As all scholars of nationalism attest, nationalism spread to different groups of people and different classes at different times. Greenfeld, in tracing the various iterations of natio, a Latin term that was originally used to refer to foreigners, and therefore, disparagingly, barbarians living in Ancient Rome, centuries later it referred to students at various universities in medieval Europe, where they were foreigners, then later it referred to the rabble.

"Our concept of 'nation' as a people, an inclusive, sovereign community with membership unaffected by divisions of class and status, thus equal, and a natural object of the members' loyalty and commitment, emerged sometime in the late fifteenth to early sixteenth century in England" (2016, 11). "Nationalism was fathered . . . by the War of the Roses" (2016, 12). That was the long war in which the two factions of the Plantagenets, the York and the Lancaster lines, culminating in the battle of Bosworth Field, which resulted in the extinguishing of almost every blue blood person in England perishing. The upper echelon of English society had to be replaced. "The commons had to be wooed, and its members encouraged, and practically invited to be upwardly mobile. Particularly intelligent and educated commoners answered the call early on, forming the new Henrician aristocracy" (ibid.). Such a huge societal replacement of the elite had not occurred in Europe before, in order to explain how people born to be commoners could have moved up to their new positions, short of creating new genealogies, a new explanatory social institution had to be created because prior to that time as Greenfeld eloquently described it "It was no more possible to be born a laborer and to become a nobleman, than it is to be born a chicken and graduate into a human being" (2016, 13). As Greenfeld expresses it, "One fine day one of them . . . had a eureka moment, it becoming clear to him that all English people were a nation. He shared it with others, and people in England found it easy to believe, because it explained the positive but confusing experience . . . their blood was red, but they in every respect lived the life of the blue-blooded, which was a fuller and richer, and more exciting life, in which, above all, they enjoyed dignity unknown to them before" (2016, 14).

I share this intricate narrative (somewhat shortened) because I believe that Greenfeld presents us with the reason why nationalism has lasted for so long as a human experience that so many individual share.
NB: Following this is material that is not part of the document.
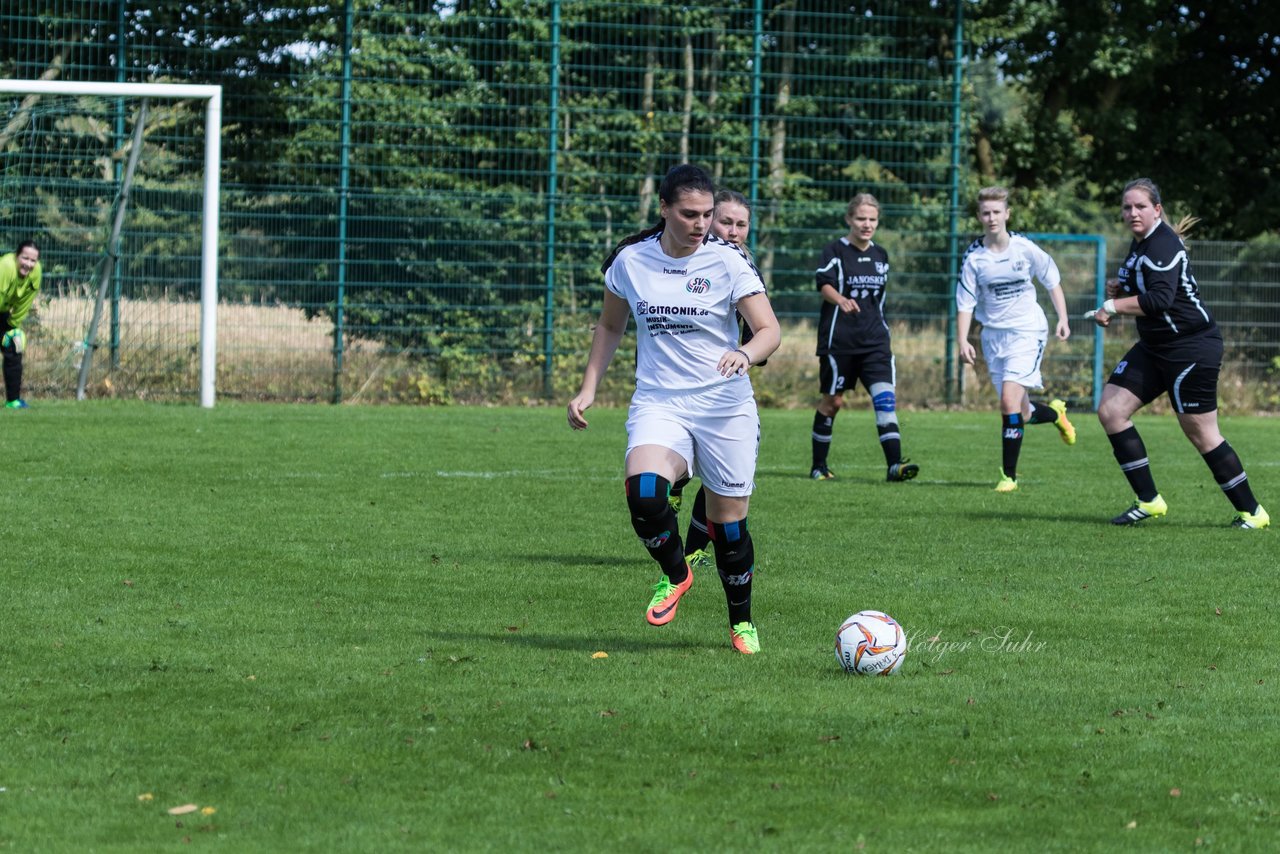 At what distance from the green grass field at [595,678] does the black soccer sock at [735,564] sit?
20 cm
Nationalism, and belonging to a nation, gives people dignity, a sense of belonging, of having an equal status to others. As Greenfeld explains prior to the act of belonging to a nation, and the dignity and sense of belonging it confers, few people had the experience of dignity, and once an individual experiences dignity, no one wants to give it up (2016, 16-19). Similarly, I would argue that the Shahnameh provided Iranians with a dignity in their existence as Iranians.

While Greenfeld explains in which ways many individuals cling to nationalism, Craig Calhoun shows how nationalism as a communal response to a sense of dignity: Nationalism is the rhetoric of identity and solidarity in which citizens of the modern world most readily deal with the problematic nature of state power and with problems of inclusion and exclusion" (1992, 305), in other words does one belong to the extended family of the nation or not? "Nationalist claims are one genre of answers to the question of what constitutes an autonomous political community capable of 'self-determination' (ibid.), and the term of "self-determination" I equate with a form of communal identity in which people feel that they have agency and can make decisions in important communal issues.

Thus, as a concept that I address in this study, nationalism, alongside dance and ethnicity, is one of the three most important.